Google a annoncé en mars 2024 que Gemini ne répondrait pas aux questions liées aux élections, avant plusieurs élections aux États-Unis, en Inde et dans d'autres pays. De nombreuses entreprises d’IA ont adopté des restrictions temporaires similaires, craignant des réactions négatives en cas de dysfonctionnement de leurs chatbots.

Mais maintenant, Google commence à ressembler à une anomalie. Les élections de l'année dernière sont passées, mais Google n'a pas encore annoncé publiquement son intention de modifier la façon dont Gemini traite certains sujets politiques. Un porte-parole de Google a refusé de répondre aux questions de TechCrunch quant à savoir si Google avait mis à jour sa politique en matière de discours politique Gemini.

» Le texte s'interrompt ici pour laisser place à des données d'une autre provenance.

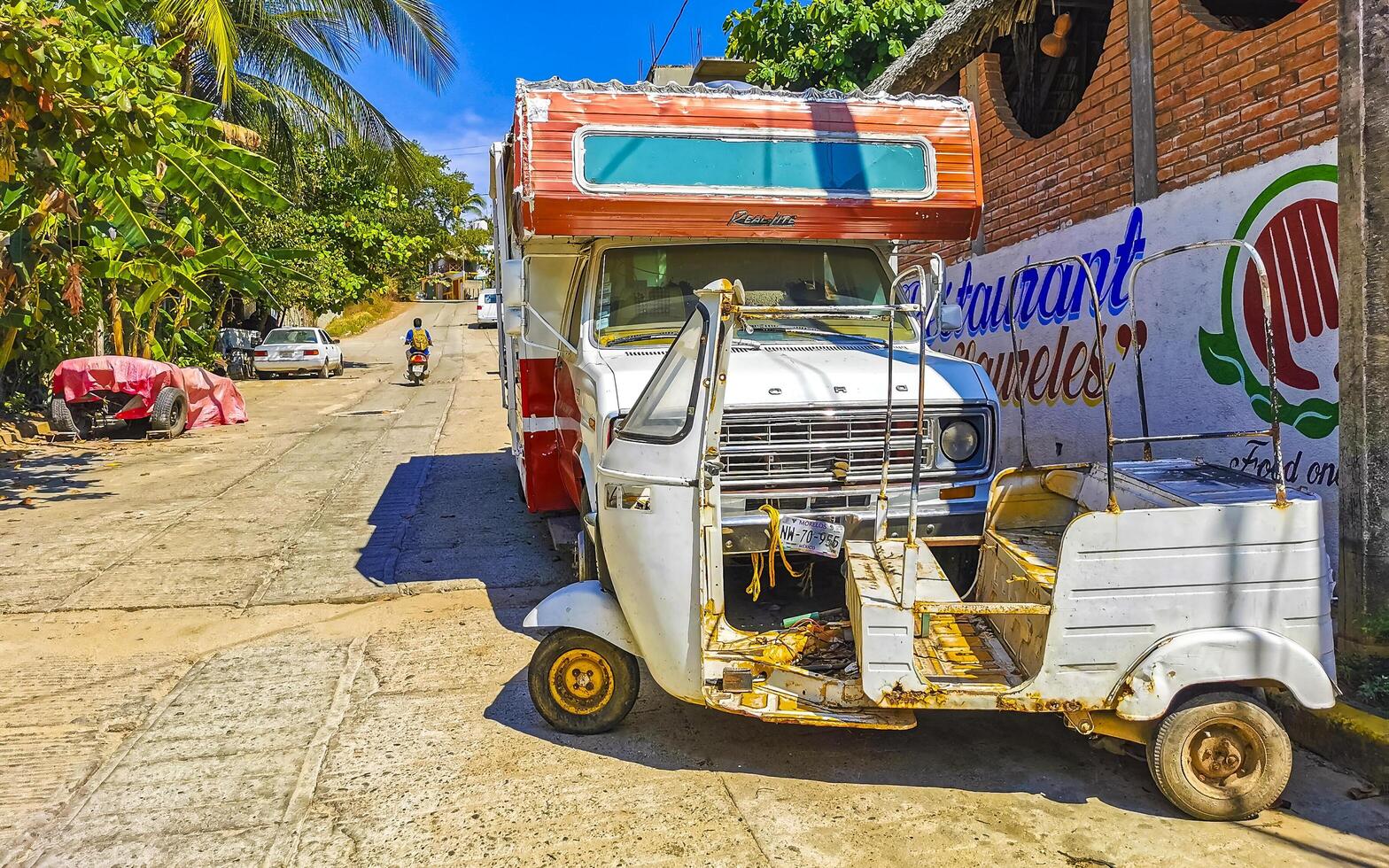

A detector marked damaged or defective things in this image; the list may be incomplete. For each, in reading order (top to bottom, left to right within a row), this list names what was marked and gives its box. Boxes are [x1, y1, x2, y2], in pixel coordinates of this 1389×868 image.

Ce qui est clair, c’est que les Gémeaux s’efforcent parfois ou refusent catégoriquement de fournir des informations politiques factuelles. Lundi matin, Gemini avait exprimé sa réticence lorsqu'on lui a demandé d'identifier l'actuel président et vice-président des États-Unis.

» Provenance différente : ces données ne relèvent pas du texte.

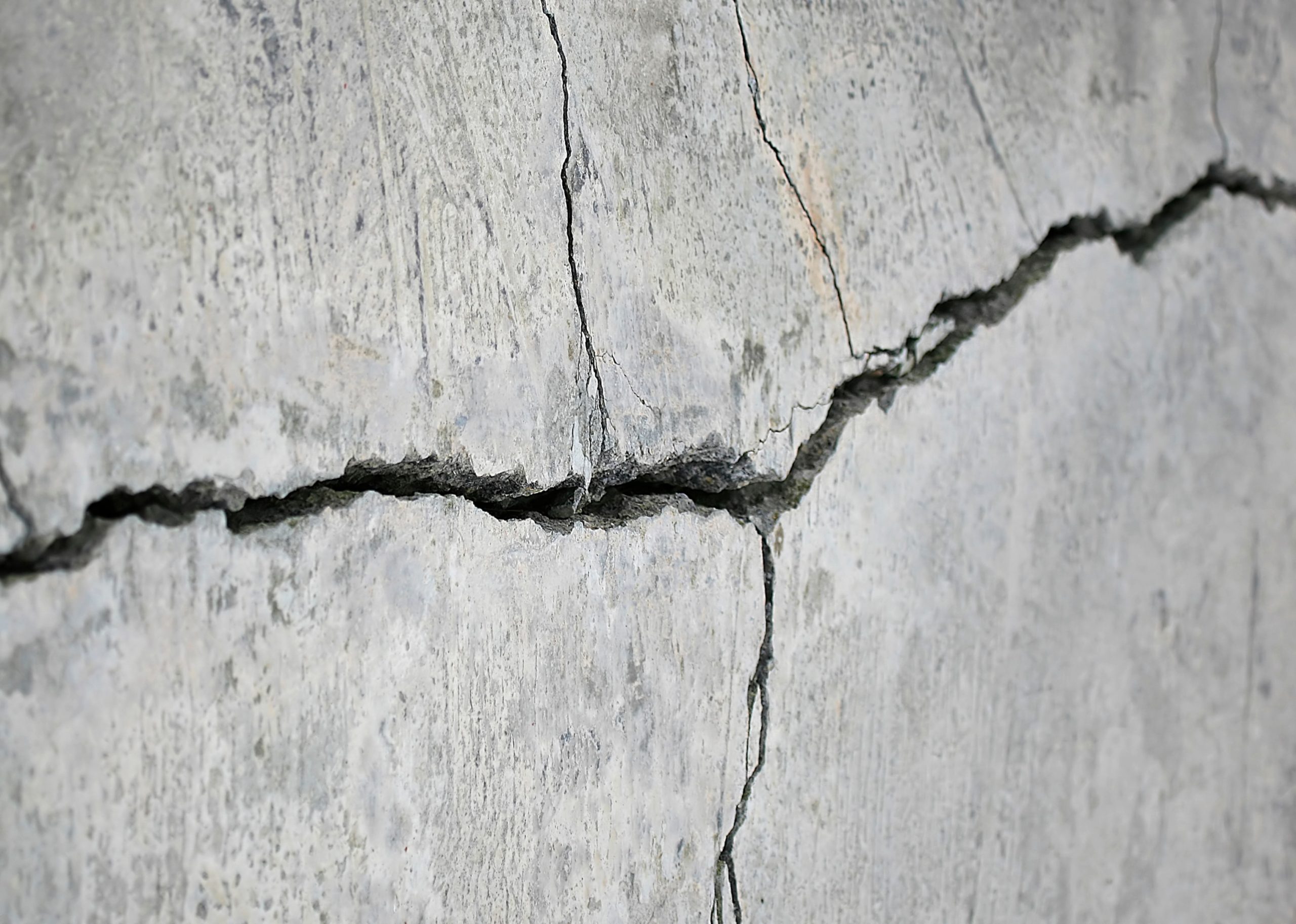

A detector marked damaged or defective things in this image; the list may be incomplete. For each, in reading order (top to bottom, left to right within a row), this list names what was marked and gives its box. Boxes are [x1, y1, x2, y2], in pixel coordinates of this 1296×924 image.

broken concrete edge [5, 161, 1290, 580]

À un moment donné, Gemini a qualifié Donald J. Trump d'« ancien président », puis a refusé de répondre aux questions de clarification. Un porte-parole de Google a déclaré que le chatbot était confus par le langage discontinu de Trump et que Google s'efforçait de corriger l'erreur.

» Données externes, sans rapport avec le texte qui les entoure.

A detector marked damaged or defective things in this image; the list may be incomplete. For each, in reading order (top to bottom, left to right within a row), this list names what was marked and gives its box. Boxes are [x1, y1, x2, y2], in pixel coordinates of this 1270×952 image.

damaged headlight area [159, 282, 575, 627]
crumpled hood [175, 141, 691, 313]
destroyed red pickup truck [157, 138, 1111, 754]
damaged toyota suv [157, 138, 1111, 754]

"Le grand modèle linguistique répond parfois avec des informations obsolètes ou est confondu par des personnes à la fois anciennes et actuelles", a déclaré un porte-parole par courrier électronique. "Nous travaillons là-dessus."

Tard lundi, Gemini a commencé à répondre correctement aux questions sur Donald Trump et J.D. Vance étant respectivement l'actuel président et vice-président des États-Unis. Cependant, les réponses du chatbot étaient incohérentes et celui-ci refusait parfois de répondre aux questions.

Bugs mis à part, Google semble être prudent en limitant les réponses de Gemini aux requêtes politiques. Mais cette approche présente également des inconvénients.

De nombreux conseillers de Trump en IA dans la Silicon Valley, notamment Marc Andreessen, David Sacks et Elon Musk, ont affirmé que des entreprises, notamment Google et OpenAI, se livraient à la censure de l'IA en limitant les réponses auxquelles leurs chatbots IA peuvent répondre.

Après la victoire de Trump, de nombreux laboratoires d'intelligence artificielle ont tenté de trouver un équilibre pour répondre à des questions politiques sensibles, en programmant des chatbots de manière à ce que leurs réponses puissent présenter « les deux côtés » du débat. Les laboratoires nient que cela soit dû à la pression du gouvernement.

OpenAI a récemment annoncé qu'elle adopterait « la liberté intellectuelle… peu importe à quel point un sujet peut être difficile ou controversé » et s'efforcerait de garantir que ses modèles d'intelligence artificielle ne censurent pas certains points de vue. Pendant ce temps, Anthropic a déclaré que son dernier modèle d'intelligence artificielle, Claude 3.7 Sonnet, refusait de répondre aux questions moins souvent que les modèles précédents de l'entreprise, en partie parce qu'il était capable de faire une distinction plus granulaire entre les réponses nuisibles et inoffensives.

Cela ne veut pas dire que les chatbots d’autres laboratoires d’IA répondent toujours correctement aux questions difficiles, en particulier aux questions politiques difficiles. Mais Gemini de Google semble être à la traîne.